Cochlear implants show that a standard hearing model – one based only on the amplitudes of sound pressure in critical bands – is adequate to comprehend speech. But users of these implants find music incomprehensible, and the cocktail party effect out of the question. Acoustic measures based on standard hearing models may be similarly flawed.
5.2 Stream Formation and Envelopment
The caption of figure 1 shows a proposed mechanism by which brain stem assembles independent neural streams from each source in a sound field. But there is another interesting aspect of stream formation. When it is possible to detect the direct sound – and thus the timbre and localization of sound sources – it is possible for the brain to separate this perception from the perception of reflections and reverberation. The timbre and location of the direct sound – detected at the onsets of sounds – is perceived as extending through the note, even though the information has been overwhelmed by reflections. This is the foreground data stream. But since the separation has already been made, the brain can assign the loudness and direction of the reverb to a different type of stream – the background stream. It is usually impossible to identify independent sources in the background stream. Reverberation is heard as harmony, and can be very beautiful. In our experiments with localization we find that in a typical hall when the direct sound is not detectable, not only is timbre and direction difficult to perceive, the reverberation and the notes themselves become one sonic object, and this object – although broad and fuzzy – is located in front of the listener. When the D/R increases just a little bit, suddenly the sound image can become clear, and the reverberation is perceived as both louder and more surrounding the listener. In demonstrating this effect to audiences of 50 to 100 people I have found that many – but by no means all – listeners can easily perceive the change in the reverberation from frontal to enveloping. It may take a bit of learning to perceive this effect, but it is quite real. The enveloping reverberation is more attractive than the muddled together front image and reverberation combined.
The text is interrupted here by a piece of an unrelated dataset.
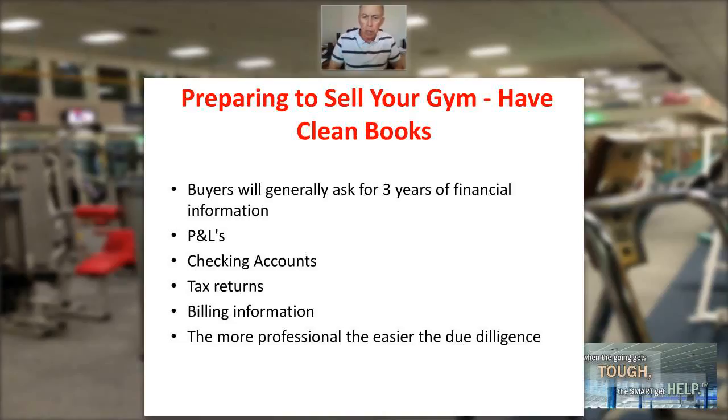When they're doing their due diligence, have three years of tax returns on your business. Whatever billing company you're using, have all that data readily available — don't be seeking it out or searching for it. The more professional and prepared you can be, the easier the due diligence is going to be for the buyer, and the more accurate this information, the better.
This is the envelopment we are looking for in hall design – and it too appears to depend on LOC. This effect is seen in the data on Boston Symphony Hall presented in figures 2, 3, and 4. The seat in figure 3, with the lowest value of LOC, has not only poor localization, it has the least enveloping sound.
6 CONCLUSIONS
We have proposed that an under-researched aspect of human hearing – the amplitude modulations of the basilar membrane motion at vocal formant frequencies – is responsible for much of what makes speech easily heard and remembered, makes it possible to attend to several conversations at the same time, and makes it possible to hear the individual voices that make up much of the complexity and delight of music performance. A model based on these modulations predicts a great many of the seemingly magical properties of human hearing.
The power of this proposal lies in the relatively simple physics behind these hearing mechanisms. Understanding the relationships between acoustics and the perception of timbre, direction and distance of multiple sound sources becomes a physics problem – namely how much do reflections and reverberation randomize the phase relationships and thus the information carried by upper harmonics. The advantage of putting acoustics into the realm of physics is that the loss of information can be directly quantified. It becomes independent of the training and judgment of a particular listener.
A measure, LOC, is proposed that is based on known properties of speech and music. In our limited experience LOC predicts – and does not just correlate with – the ability to localize sound sources simultaneously in a reverberant field. It may (hopefully) be found to predict the ease of understanding and remembering speech in classrooms, the ease with which we can hear other instruments on stages, and the degree of envelopment we hear in the best concert halls.
A computer model exists of the hearing apparatus shown in figure one. The amount of computation involved is something millions of neurons can accomplish in a fraction of a second. But the typical laptop finds it challenging. Preliminary results indicate that a measure such as LOC can be derived from live binaural recording of music performances.
7 REFERENCES
1. S. SanSoucie ‘Speech comprehension while learning in classrooms’ Dot Acoustics www.dotacoustics.com (June 2010)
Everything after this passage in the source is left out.